About this task: From the records below, extract only the lines running from the line with "تزریق فیلر بینی" to the line with "Cracked Skin Healing Balm", both lines included, reproducing them exactly.

Collected data:
===

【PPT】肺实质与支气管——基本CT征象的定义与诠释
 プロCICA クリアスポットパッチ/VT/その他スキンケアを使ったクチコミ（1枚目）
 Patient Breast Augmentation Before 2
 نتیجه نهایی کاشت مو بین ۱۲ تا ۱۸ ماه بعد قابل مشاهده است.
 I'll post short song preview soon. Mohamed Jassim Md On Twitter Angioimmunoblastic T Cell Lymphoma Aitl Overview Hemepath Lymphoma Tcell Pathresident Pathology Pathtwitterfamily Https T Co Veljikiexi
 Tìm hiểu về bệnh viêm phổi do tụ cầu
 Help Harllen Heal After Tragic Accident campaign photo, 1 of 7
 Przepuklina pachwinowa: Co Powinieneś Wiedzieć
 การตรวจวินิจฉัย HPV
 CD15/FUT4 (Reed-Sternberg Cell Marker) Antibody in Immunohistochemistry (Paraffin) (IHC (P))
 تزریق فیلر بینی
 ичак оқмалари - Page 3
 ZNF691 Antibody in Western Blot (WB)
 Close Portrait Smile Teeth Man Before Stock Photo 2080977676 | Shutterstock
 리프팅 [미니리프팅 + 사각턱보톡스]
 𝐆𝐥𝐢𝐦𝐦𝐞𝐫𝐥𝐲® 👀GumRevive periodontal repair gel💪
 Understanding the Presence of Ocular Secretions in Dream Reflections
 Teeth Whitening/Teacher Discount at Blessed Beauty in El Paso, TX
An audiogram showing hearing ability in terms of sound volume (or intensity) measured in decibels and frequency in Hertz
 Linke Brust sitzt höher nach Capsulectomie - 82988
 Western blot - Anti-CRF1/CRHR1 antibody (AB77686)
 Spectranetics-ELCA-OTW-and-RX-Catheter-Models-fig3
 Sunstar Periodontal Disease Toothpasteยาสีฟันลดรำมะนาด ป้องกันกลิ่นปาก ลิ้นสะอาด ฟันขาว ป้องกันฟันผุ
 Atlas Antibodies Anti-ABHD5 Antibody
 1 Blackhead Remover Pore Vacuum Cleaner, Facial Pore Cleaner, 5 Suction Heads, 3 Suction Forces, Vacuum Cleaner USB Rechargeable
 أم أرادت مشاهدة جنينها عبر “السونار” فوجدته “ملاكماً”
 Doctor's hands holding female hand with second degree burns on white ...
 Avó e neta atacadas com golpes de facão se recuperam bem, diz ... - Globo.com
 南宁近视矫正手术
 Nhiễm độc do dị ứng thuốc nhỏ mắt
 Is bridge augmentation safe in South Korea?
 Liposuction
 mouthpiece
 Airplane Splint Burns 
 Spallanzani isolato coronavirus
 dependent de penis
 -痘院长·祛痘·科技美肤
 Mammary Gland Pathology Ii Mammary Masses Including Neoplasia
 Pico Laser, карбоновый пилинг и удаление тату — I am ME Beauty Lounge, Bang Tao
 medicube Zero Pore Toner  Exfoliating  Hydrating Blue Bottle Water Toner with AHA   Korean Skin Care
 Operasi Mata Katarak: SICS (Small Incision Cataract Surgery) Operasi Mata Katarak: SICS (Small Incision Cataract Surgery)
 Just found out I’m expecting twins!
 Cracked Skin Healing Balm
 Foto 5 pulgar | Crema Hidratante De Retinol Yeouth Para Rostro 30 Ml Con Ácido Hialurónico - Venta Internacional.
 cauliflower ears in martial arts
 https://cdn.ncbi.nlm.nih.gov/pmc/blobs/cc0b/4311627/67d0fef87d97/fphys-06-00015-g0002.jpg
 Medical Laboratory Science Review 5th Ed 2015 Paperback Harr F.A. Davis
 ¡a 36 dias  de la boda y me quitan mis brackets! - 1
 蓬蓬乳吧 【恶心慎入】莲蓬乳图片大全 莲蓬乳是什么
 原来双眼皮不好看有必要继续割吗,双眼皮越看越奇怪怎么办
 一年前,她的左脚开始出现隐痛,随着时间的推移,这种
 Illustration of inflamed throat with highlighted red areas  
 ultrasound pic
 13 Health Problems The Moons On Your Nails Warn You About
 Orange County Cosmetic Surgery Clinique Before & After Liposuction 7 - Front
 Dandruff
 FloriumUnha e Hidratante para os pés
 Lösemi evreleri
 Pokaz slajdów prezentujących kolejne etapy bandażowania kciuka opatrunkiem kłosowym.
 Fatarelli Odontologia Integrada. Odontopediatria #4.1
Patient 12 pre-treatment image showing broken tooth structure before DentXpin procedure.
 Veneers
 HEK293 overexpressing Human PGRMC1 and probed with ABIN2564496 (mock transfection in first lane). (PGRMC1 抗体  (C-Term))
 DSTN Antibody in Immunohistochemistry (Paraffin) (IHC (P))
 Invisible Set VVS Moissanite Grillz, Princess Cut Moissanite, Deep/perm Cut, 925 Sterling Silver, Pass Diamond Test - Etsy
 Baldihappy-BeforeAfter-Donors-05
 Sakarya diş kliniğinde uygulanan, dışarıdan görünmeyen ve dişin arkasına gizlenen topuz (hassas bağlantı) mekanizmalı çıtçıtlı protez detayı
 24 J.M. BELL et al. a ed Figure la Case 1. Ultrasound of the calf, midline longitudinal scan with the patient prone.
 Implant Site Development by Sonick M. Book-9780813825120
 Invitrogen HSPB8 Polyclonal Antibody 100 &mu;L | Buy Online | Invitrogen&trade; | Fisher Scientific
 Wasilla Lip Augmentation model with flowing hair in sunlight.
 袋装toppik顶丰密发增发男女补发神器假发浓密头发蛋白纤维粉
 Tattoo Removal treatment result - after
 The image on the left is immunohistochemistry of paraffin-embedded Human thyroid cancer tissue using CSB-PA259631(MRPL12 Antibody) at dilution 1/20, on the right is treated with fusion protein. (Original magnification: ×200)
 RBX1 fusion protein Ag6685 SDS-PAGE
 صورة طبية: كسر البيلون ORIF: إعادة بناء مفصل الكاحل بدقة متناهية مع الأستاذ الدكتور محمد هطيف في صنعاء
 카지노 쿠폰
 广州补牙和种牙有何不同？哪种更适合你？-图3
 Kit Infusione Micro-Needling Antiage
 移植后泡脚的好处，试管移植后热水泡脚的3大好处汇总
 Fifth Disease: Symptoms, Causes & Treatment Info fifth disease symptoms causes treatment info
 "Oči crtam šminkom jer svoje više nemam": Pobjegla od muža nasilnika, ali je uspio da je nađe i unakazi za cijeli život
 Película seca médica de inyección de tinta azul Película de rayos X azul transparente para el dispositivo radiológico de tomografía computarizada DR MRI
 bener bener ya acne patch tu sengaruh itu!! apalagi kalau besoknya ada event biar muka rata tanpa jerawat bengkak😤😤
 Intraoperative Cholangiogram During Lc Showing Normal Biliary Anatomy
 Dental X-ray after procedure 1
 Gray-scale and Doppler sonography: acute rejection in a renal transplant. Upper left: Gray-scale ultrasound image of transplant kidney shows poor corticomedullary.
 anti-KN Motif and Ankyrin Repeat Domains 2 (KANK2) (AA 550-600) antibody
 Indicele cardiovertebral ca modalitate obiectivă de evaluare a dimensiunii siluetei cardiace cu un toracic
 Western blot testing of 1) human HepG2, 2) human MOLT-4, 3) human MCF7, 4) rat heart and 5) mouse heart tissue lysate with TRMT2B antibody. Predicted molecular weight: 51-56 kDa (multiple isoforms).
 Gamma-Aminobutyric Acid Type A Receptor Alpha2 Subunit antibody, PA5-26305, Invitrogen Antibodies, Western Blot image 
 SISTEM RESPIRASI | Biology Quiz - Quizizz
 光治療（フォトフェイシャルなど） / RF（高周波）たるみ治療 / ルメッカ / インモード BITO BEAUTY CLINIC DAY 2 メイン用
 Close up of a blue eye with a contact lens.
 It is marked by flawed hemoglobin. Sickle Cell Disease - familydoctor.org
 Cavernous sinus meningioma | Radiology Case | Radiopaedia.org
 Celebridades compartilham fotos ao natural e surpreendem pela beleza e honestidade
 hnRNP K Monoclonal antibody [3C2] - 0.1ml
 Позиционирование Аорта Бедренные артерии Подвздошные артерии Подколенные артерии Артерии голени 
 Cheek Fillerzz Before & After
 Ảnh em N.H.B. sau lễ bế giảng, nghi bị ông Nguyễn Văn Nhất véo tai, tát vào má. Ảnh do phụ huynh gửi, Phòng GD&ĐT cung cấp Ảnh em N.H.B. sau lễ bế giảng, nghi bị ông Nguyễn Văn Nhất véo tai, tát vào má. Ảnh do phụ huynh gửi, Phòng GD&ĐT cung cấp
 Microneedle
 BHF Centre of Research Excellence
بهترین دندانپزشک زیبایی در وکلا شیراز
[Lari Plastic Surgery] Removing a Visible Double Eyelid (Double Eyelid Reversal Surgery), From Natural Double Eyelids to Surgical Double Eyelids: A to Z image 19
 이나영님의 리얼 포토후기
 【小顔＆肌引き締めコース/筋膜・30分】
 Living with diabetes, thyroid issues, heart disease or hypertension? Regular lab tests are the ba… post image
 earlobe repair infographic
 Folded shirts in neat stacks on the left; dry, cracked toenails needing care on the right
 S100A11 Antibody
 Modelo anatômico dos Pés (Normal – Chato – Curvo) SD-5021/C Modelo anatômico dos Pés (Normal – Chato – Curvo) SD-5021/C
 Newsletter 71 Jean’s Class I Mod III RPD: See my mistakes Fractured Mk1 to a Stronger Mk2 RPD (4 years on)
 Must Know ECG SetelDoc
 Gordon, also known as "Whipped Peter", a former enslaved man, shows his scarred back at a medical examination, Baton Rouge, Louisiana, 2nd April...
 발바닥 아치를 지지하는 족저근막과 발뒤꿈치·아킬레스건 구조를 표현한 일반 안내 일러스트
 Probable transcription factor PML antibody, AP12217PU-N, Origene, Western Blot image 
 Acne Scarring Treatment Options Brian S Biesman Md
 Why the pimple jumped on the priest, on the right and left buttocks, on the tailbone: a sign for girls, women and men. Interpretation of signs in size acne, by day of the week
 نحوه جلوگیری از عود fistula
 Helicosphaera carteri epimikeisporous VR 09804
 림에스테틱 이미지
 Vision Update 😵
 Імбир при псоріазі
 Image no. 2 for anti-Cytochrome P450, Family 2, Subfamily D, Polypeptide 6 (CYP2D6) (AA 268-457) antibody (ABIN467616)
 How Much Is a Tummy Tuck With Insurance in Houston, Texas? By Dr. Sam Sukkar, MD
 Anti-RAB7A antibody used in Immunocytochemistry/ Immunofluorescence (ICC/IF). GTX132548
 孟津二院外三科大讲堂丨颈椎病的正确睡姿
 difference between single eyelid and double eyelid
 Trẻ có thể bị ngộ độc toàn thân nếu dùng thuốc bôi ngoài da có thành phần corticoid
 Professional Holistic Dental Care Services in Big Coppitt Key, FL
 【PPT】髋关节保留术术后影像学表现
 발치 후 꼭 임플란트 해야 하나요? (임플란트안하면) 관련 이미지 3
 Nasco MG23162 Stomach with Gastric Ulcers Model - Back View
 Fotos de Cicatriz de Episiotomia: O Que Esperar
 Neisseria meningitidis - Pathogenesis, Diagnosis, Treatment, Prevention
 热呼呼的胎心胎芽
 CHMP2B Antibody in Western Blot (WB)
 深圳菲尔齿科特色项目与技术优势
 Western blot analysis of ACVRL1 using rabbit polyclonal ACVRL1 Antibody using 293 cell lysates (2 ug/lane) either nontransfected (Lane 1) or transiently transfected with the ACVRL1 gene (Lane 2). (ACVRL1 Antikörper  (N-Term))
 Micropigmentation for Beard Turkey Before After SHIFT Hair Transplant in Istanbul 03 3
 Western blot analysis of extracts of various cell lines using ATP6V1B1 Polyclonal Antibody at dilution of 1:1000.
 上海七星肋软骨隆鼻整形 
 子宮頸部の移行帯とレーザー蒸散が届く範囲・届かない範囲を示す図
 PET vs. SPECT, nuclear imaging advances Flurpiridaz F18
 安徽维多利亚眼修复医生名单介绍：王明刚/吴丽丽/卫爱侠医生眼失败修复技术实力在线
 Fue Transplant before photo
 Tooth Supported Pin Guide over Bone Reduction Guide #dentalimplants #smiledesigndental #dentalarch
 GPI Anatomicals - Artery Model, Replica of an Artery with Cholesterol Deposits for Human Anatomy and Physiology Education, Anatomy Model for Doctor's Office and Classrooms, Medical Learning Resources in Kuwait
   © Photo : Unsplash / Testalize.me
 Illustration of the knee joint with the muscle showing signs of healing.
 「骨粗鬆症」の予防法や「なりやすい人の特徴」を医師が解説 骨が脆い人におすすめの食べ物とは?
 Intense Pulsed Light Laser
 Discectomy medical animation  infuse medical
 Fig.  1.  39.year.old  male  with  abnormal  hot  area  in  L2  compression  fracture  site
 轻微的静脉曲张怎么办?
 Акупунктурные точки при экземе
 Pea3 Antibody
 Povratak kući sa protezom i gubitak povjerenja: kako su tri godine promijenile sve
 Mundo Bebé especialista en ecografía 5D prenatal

===

Output of the task:
 تزریق فیلر بینی
 ичак оқмалари - Page 3
 ZNF691 Antibody in Western Blot (WB)
 Close Portrait Smile Teeth Man Before Stock Photo 2080977676 | Shutterstock
 리프팅 [미니리프팅 + 사각턱보톡스]
 𝐆𝐥𝐢𝐦𝐦𝐞𝐫𝐥𝐲® 👀GumRevive periodontal repair gel💪
 Understanding the Presence of Ocular Secretions in Dream Reflections
 Teeth Whitening/Teacher Discount at Blessed Beauty in El Paso, TX
An audiogram showing hearing ability in terms of sound volume (or intensity) measured in decibels and frequency in Hertz
 Linke Brust sitzt höher nach Capsulectomie - 82988
 Western blot - Anti-CRF1/CRHR1 antibody (AB77686)
 Spectranetics-ELCA-OTW-and-RX-Catheter-Models-fig3
 Sunstar Periodontal Disease Toothpasteยาสีฟันลดรำมะนาด ป้องกันกลิ่นปาก ลิ้นสะอาด ฟันขาว ป้องกันฟันผุ
 Atlas Antibodies Anti-ABHD5 Antibody
 1 Blackhead Remover Pore Vacuum Cleaner, Facial Pore Cleaner, 5 Suction Heads, 3 Suction Forces, Vacuum Cleaner USB Rechargeable
 أم أرادت مشاهدة جنينها عبر “السونار” فوجدته “ملاكماً”
 Doctor's hands holding female hand with second degree burns on white ...
 Avó e neta atacadas com golpes de facão se recuperam bem, diz ... - Globo.com
 南宁近视矫正手术
 Nhiễm độc do dị ứng thuốc nhỏ mắt
 Is bridge augmentation safe in South Korea?
 Liposuction
 mouthpiece
 Airplane Splint Burns 
 Spallanzani isolato coronavirus
 dependent de penis
 -痘院长·祛痘·科技美肤
 Mammary Gland Pathology Ii Mammary Masses Including Neoplasia
 Pico Laser, карбоновый пилинг и удаление тату — I am ME Beauty Lounge, Bang Tao
 medicube Zero Pore Toner  Exfoliating  Hydrating Blue Bottle Water Toner with AHA   Korean Skin Care
 Operasi Mata Katarak: SICS (Small Incision Cataract Surgery) Operasi Mata Katarak: SICS (Small Incision Cataract Surgery)
 Just found out I’m expecting twins!
 Cracked Skin Healing Balm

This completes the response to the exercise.